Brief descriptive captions

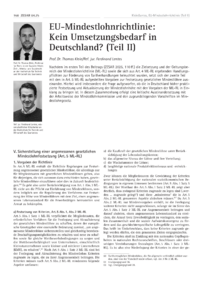 Dokument EU-Mindestlohnrichtlinie: Kein Umsetzungsbedarf in Deutschland? (Teil II)
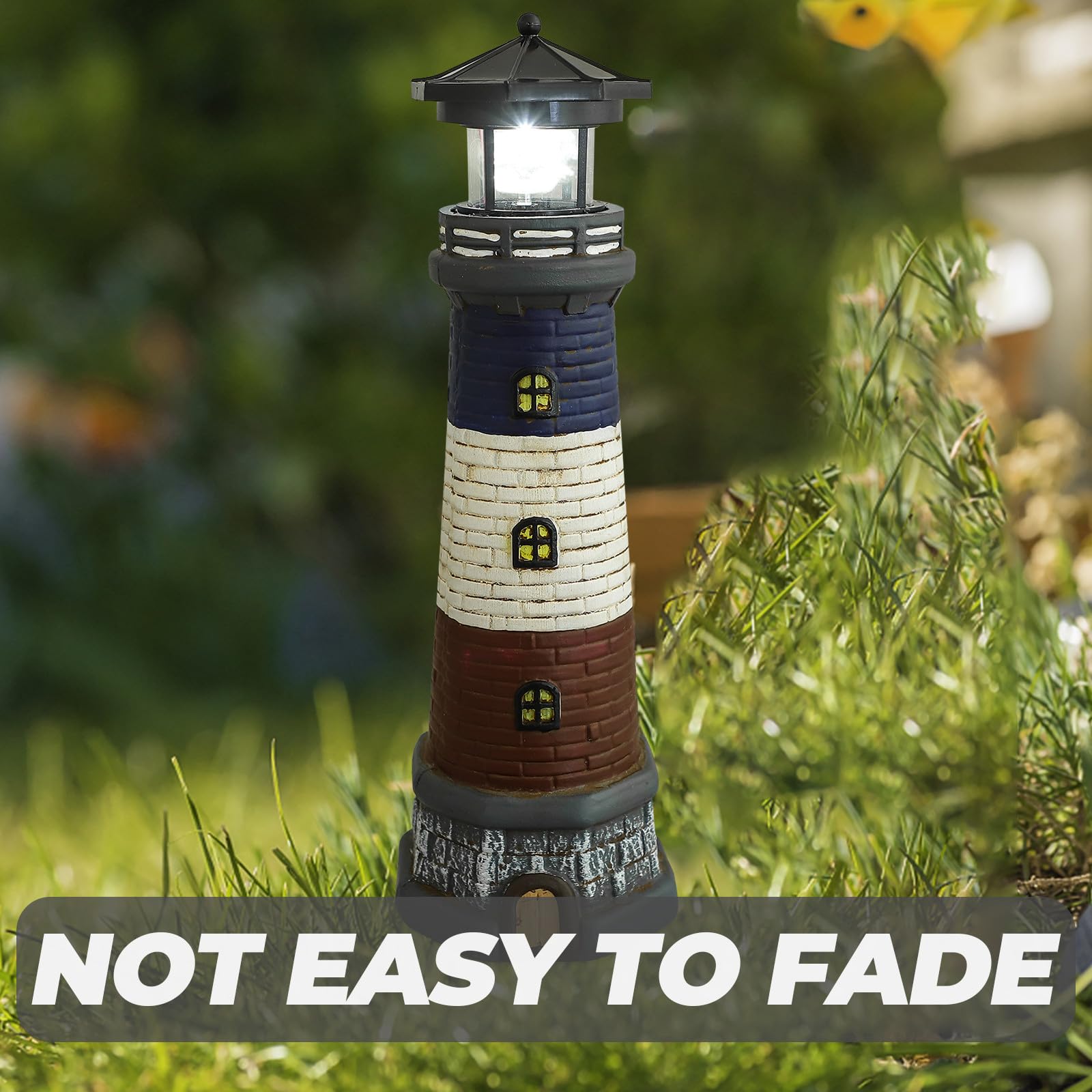 Statua Faro in Resina Solare per Esterni, Ornamento Luminoso per Giardino, Prato e Cortile Luce LED a Energia Solare, Decorazione Paesaggistica a Tema Marino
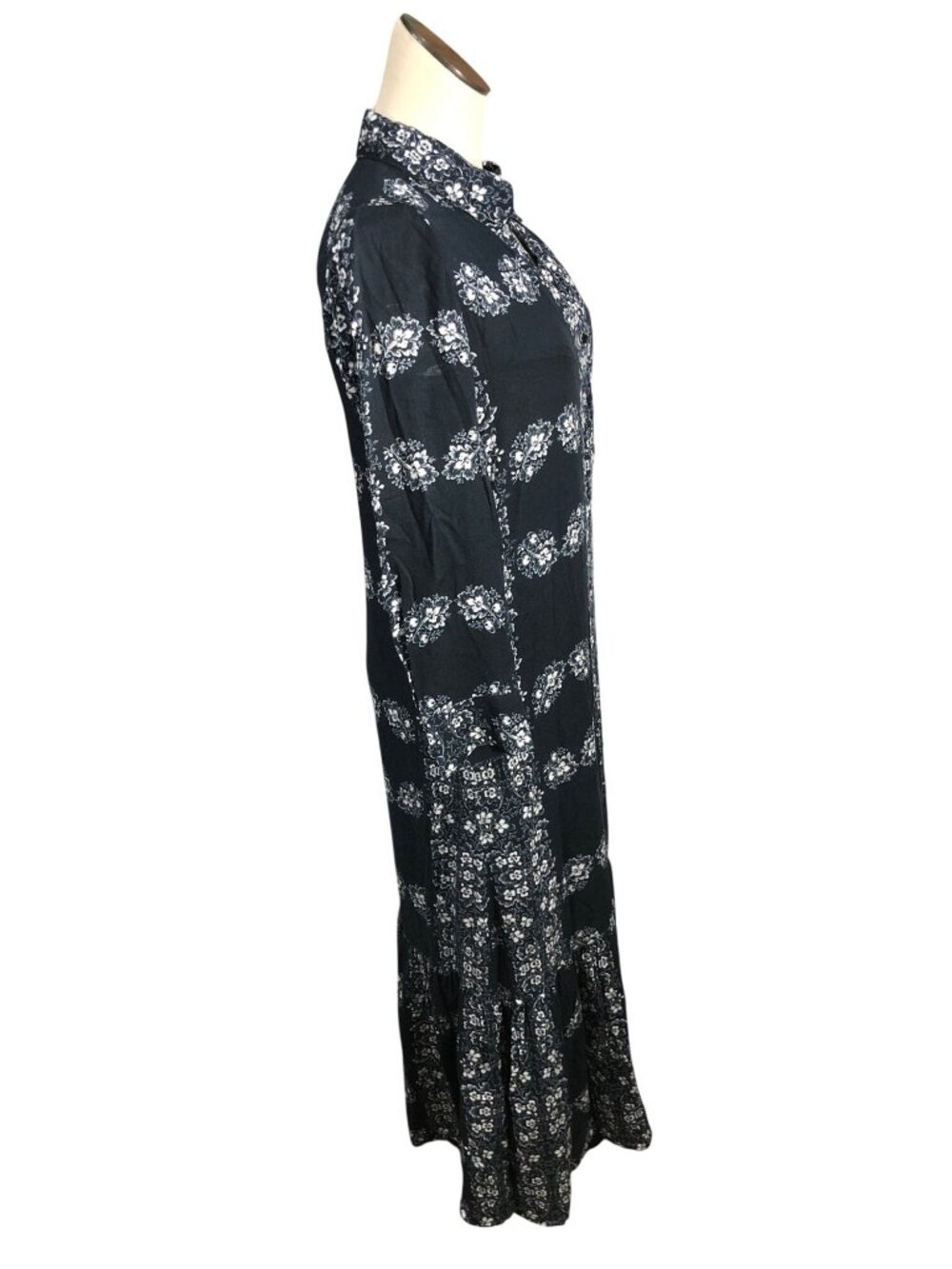 Hyacinth House Tuckernuck Floral Miller Dress Womens XS Navy Long Sleeve Maxi - Picture 14 of 16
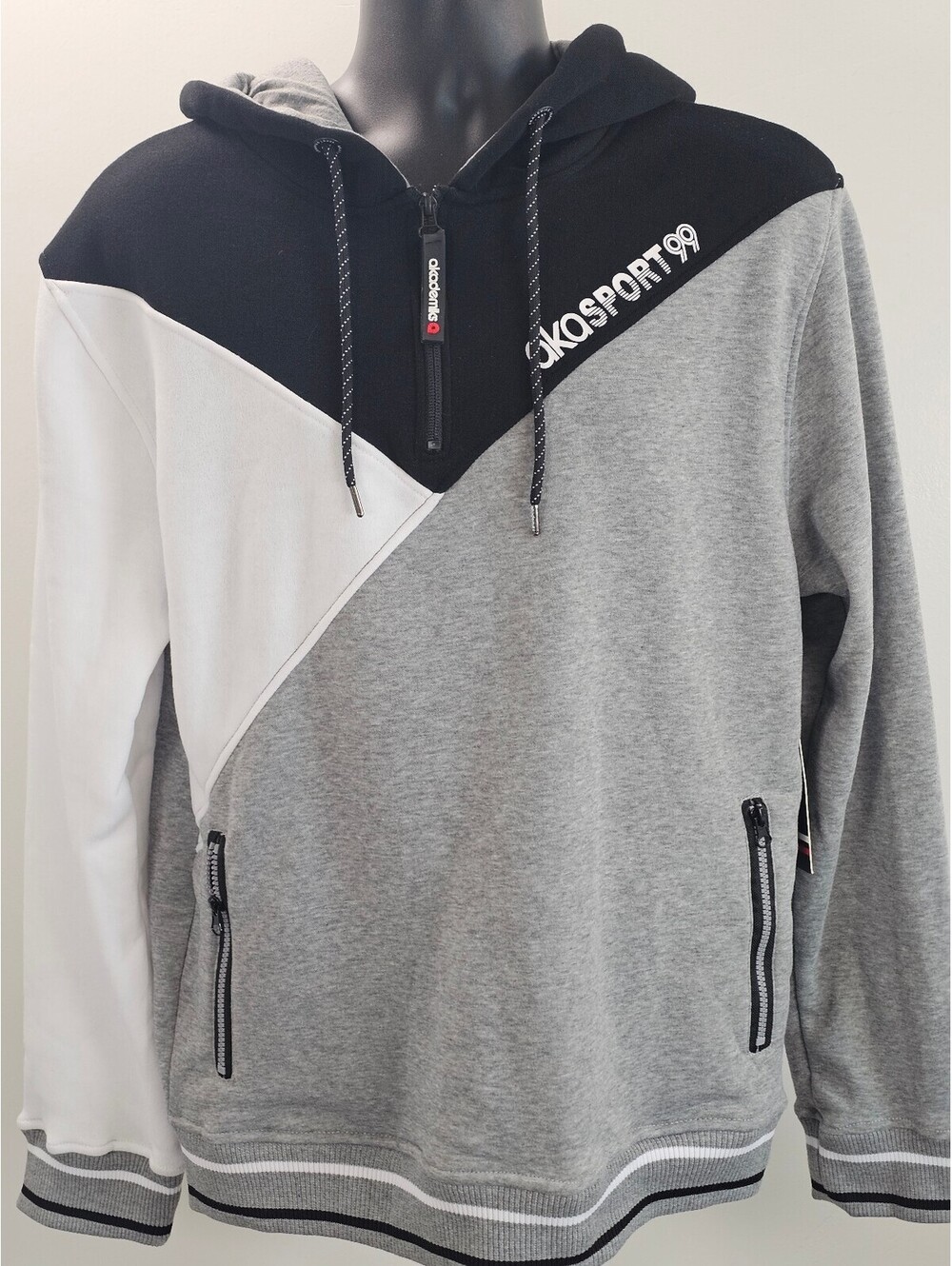 Akademiks Heather Grey Colorblock 1/4 Hoodie Sweatshirt Size Large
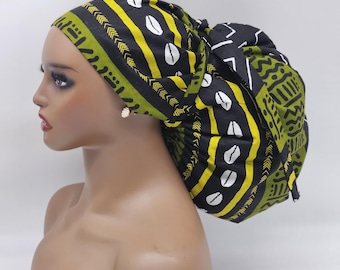 Adjustable Ankara Super Size Satin Lined Scrub Cap for Braids and Locks.  2XL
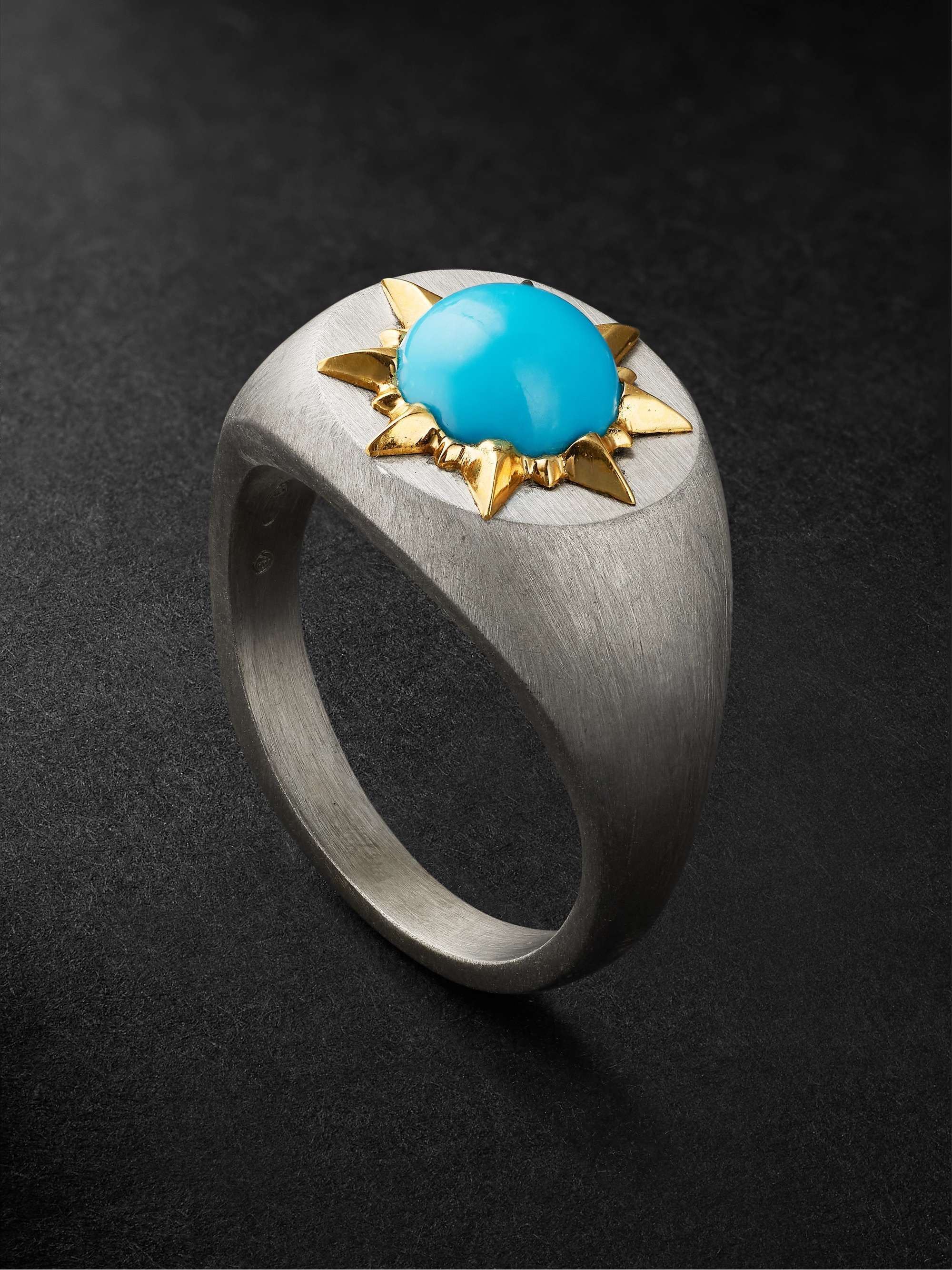 JENNY DEE JEWELRY Sunshine Brushed Sterling Silver, 18-Karat Gold and Turquoise Signet Ring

* _Exercise aim_
Please reproduce the records above exactly and leave any picture behind.

* _Result for this task_
 Dokument EU-Mindestlohnrichtlinie: Kein Umsetzungsbedarf in Deutschland? (Teil II)
 Statua Faro in Resina Solare per Esterni, Ornamento Luminoso per Giardino, Prato e Cortile Luce LED a Energia Solare, Decorazione Paesaggistica a Tema Marino
 Hyacinth House Tuckernuck Floral Miller Dress Womens XS Navy Long Sleeve Maxi - Picture 14 of 16
 Akademiks Heather Grey Colorblock 1/4 Hoodie Sweatshirt Size Large
 Adjustable Ankara Super Size Satin Lined Scrub Cap for Braids and Locks.  2XL
 JENNY DEE JEWELRY Sunshine Brushed Sterling Silver, 18-Karat Gold and Turquoise Signet Ring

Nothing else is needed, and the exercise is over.